Ses récits de voyage sont enchevêtrés, il n'est pas rentré en France depuis 4 ans. Plein d'enthousiasme, il me parle de la Patagonie, de la terre de feu où il a failli mourir de froid, du Brésil où il a appris le portugais par amour de la langue des bossas novas. Il me montre des pas de danse ! Connaît Jobim ! Zabo a appris l'espagnol en traversant en stop tous les états de l'Amérique centrale… le Mexique : "Plus je me rapprochais de l'équateur plus c'était long par rapport à la carte ! …" Il me parle des USA, du Québec, est allé voir Gilles Vigneau à Natashkuan, au nord du St Laurent. "Après mon départ, quand j'ai planté ma tente à Fontainebleau, il pleuvait, je me demandais si je ne ferais pas mieux de rentrer à Paris !!" Mes péripéties japonaises le font rire, il connaît bien le Japon pour y être déjà tombé amoureux. "Eh! tu t'rends compte, c'est l'seul pays au monde où tous les films sont en V.O, tu  peux imaginer ?, quand t'as un coup d'blues, tu peux aller voir "Pépé le moko"… Au Japon, il se replonge dans ses amours passées, il me parle d'une "Masako". L'émotion passe comme en musique du mode majeur au mode mineur. Notre discussion reprend son mode sentimental. Je lui parle de mon gamin  et de ma femme qui me manquent… Zabo est dessinateur humoristique, un peu cinéaste, admirateur de Tati et d'Etaix mais il a perdu sa caméra de16 mm. Il a traversé l'Inde avec un écriteau : "no papa, no mama, no love, no money" ! Il a été l'invité  de grandes familles indiennes dont les enfants apprenaient le français pour leur culture. Zabo se débrouille bien en vendant ses croquis dans les journaux, toujours des scènes de rue qui font rire " En Inde, j'ai bien vendu, surtout des B.D. où les pakistanais avaient toujours le mauvais rôle !"

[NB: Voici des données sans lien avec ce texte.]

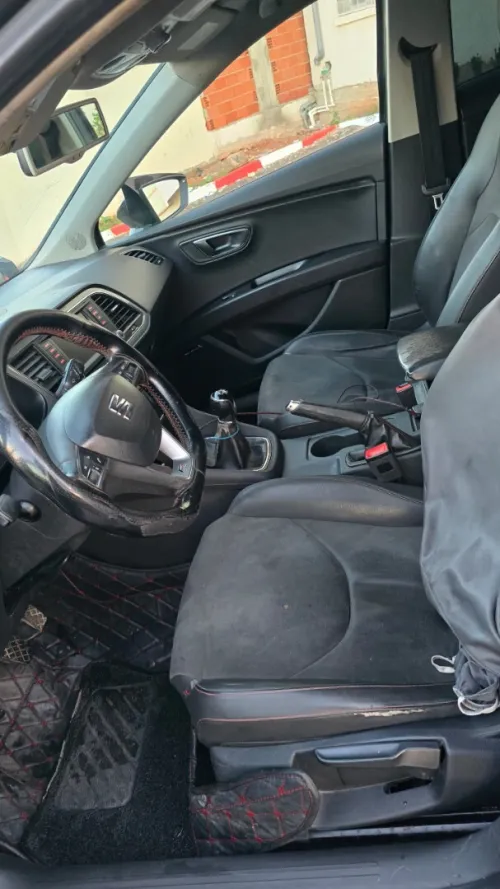 Seat Leon 2014 FR+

Zabo a froidZabo à froid !

10 Octobre : Les Olympiades : Tous les soirs, nous sommes au village. Au début, on s'est heurté aux gardiens, hermétiques. Impossible de les amadouer. Quelques sportifs chahutaient derrière le grillage. Zabo, à l'écoute, a vite repéré qu'ils étaient brésiliens. Il les interpelle, se met vite à plaisanter avec eux… Vingt minutes plus tard, on est passé devant les japonais, impassibles, Zabo avec une carte de boxeur et moi avec une de basketteur ! (Vu le nez de Zabo et ma taille de 1m, 67, c'était tout de même un peu osé !). Le premier soir on a mangé avec les français, tous faisaient la gueule, l'atmosphère était lourde, on n'a jamais compris ce qui s'était passé autour de Christine Caron … Zabo, fortement déçu m'a entraîné, juste à côté, dans le pavillon des brésiliens. Chez eux, médailles ou pas médailles, les soirées tournaient rapidement "carnaval". Plusieurs sportifs, issus d'écoles de samba, donnaient vie à tout objet qui pouvait entrer en "batucada" , j'ai vite compris que je ne pouvais revenir sans ma guitare…

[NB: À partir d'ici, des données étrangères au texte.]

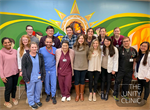 Unity Clinic Recognized with 2023 George E. Thibault, MD Nexus Award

Quartier "Ginza". Le "Savoy Club". Pendant ses soirées délirantes, Tanaka et Yoko me cherchaient du boulot à Ginza. Tanaka avait un ami pianiste eurasien (exceptionnel au Japon), né au Japon d'une mère française et de père officier japonais mort par Hara-kiri à la défaite japonaise. Sa mère lui avait appris le français, mais sans notre Culture. En fait, la pensée, la logique du fils était complètement japonaise. "Monsieur Jean" parlait très bien français mais ne savait jamais répondre aux questions qui me préoccupaient : il était toujours surpris par ma curiosité.

11 64 savoy club ginzaPhoto : Chaque petit rectangle est un bar-club

J'ai donc travaillé au "Savoy club", en haut de cet immeuble, dans cette rue encombrée de taxis et éclairée comme en plein jour. Des enseignes superposées au niveau de chaque étage semblaient empilées sur les portes d'entrée. Un soir, distrait, je suis sorti de l'ascenseur sur un autre palier… paumé, j'ouvre les portes du couloir les unes derrière les autres : ce n'était que des bars ! Certains, minuscules à 2 tabourets et un barman (bars pour discussion d'affaires paraît-il). Dans la plupart, une dizaine ou une vingtaine d'hôtesses en kimono ou en habit occidental et louées à l'heure attendaient devant de petites tables.  Je suis resté un mois, chanteur au "Savoy Club", un salon de 12 hôtesses où les hommes viennent seuls, sans leur femme, confier leurs soucis à de ravissantes compagnes. La location d'une hôtesse coûte excessivement cher… Pendant les jeux Olympiques des français ce sont fait littéralement vidé leur travelling-chèques ! J'ai vite remarqué que les clients japonais ne sortaient pas un yen…. Ils "payaient avec leur carte "Sony", "Mitshubishi", "Mitsui"  ou autres… En effet, à partir d'un certain grade dans la hiérarchie de la compagnie, tout devient gratuit !. Evidemment, les clients ne venaient pas pour moi, j'étais là comme un "exotisme" offert aux clients.  Par contre, j'étais très chouchouté par les hôtesses en attente de réservation  (c'est tout !).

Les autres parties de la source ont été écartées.